TASK DESCRIPTION: The reply must repeat each entry exactly and contain no pictures.

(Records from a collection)
=====
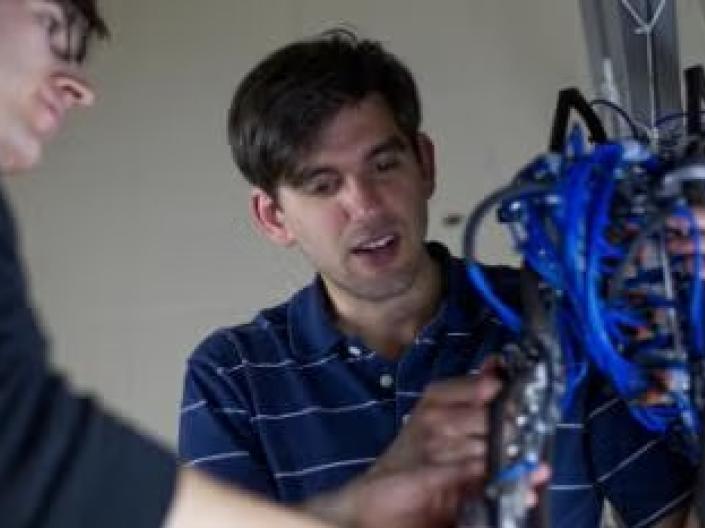 student working in robotics lab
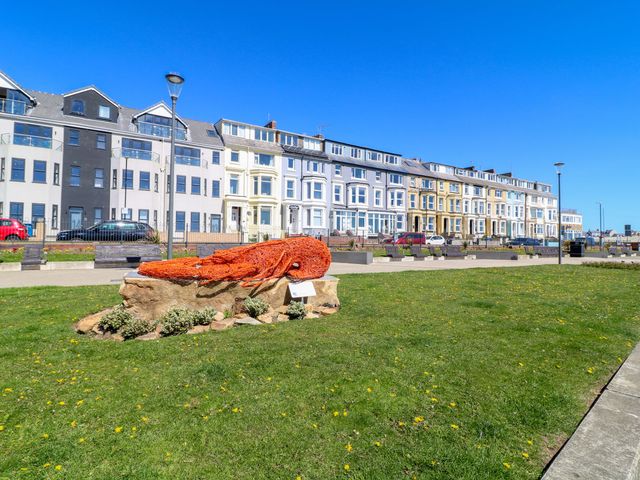 An outdoor area with a sculpture of a lobster and buildings in the background at Apt 6 @ Hunter's Quay, Bridlington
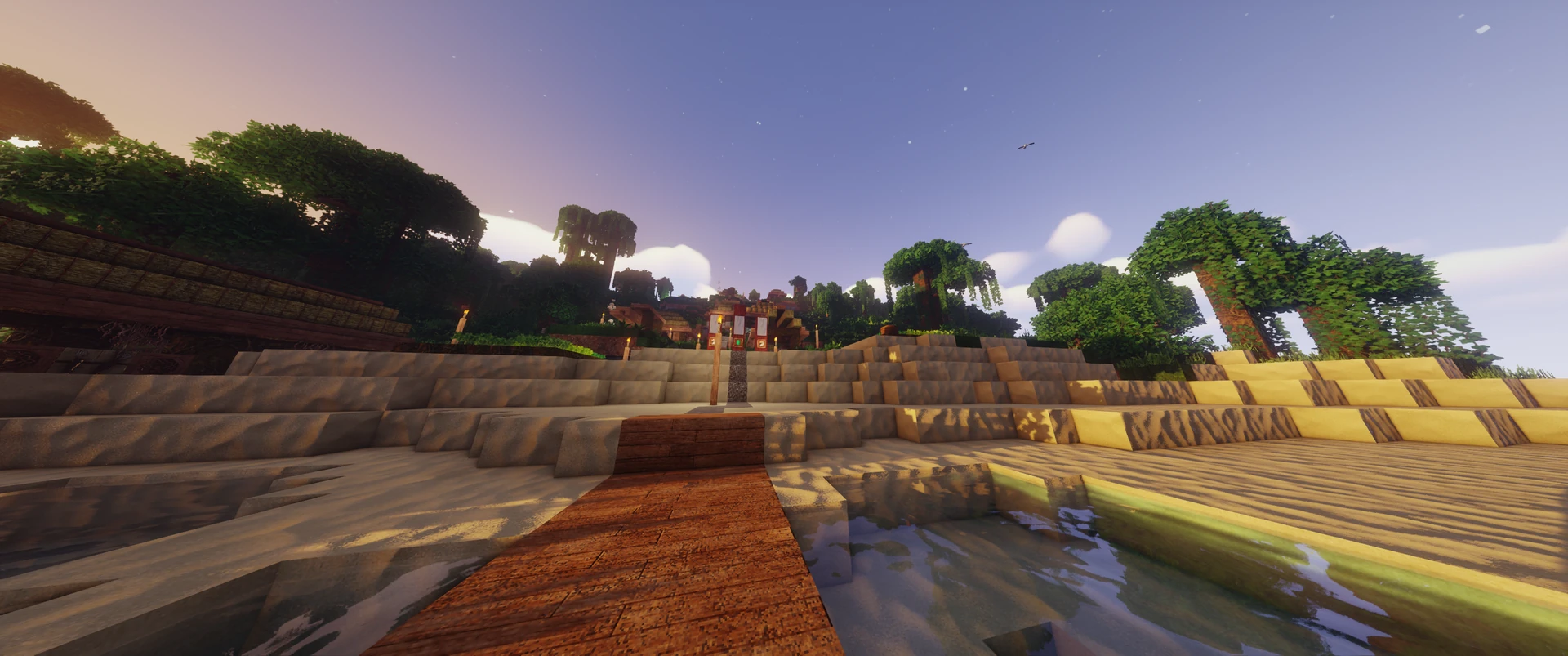 A houseboat at a village dock at dusk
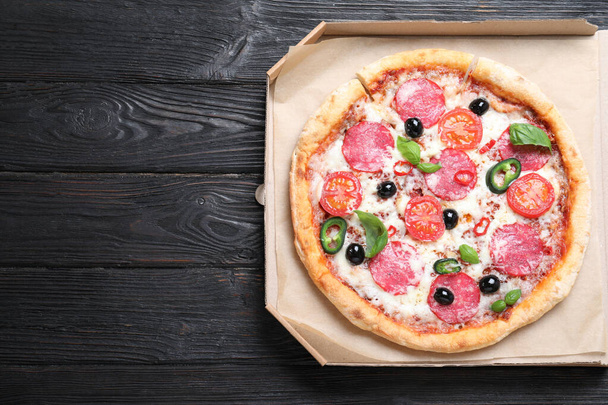 Delicious pizza Diablo in cardboard box on wooden background, top view. Space for text - Foto, Imagen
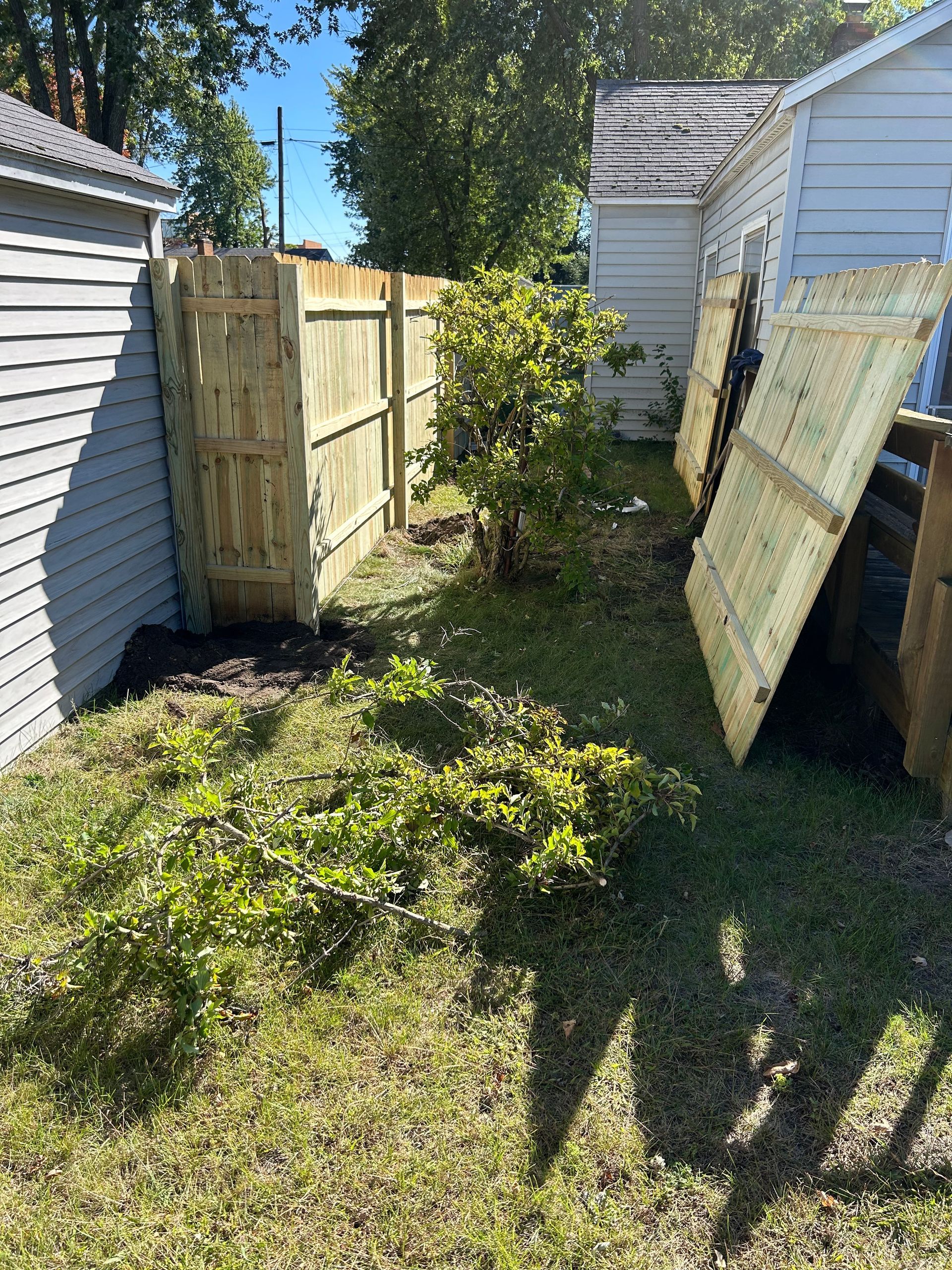 A wooden fence is in the backyard of a house.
=====
ANSWER FOR THIS EXERCISE:
 student working in robotics lab
 An outdoor area with a sculpture of a lobster and buildings in the background at Apt 6 @ Hunter's Quay, Bridlington
 A houseboat at a village dock at dusk
 Delicious pizza Diablo in cardboard box on wooden background, top view. Space for text - Foto, Imagen
 A wooden fence is in the backyard of a house.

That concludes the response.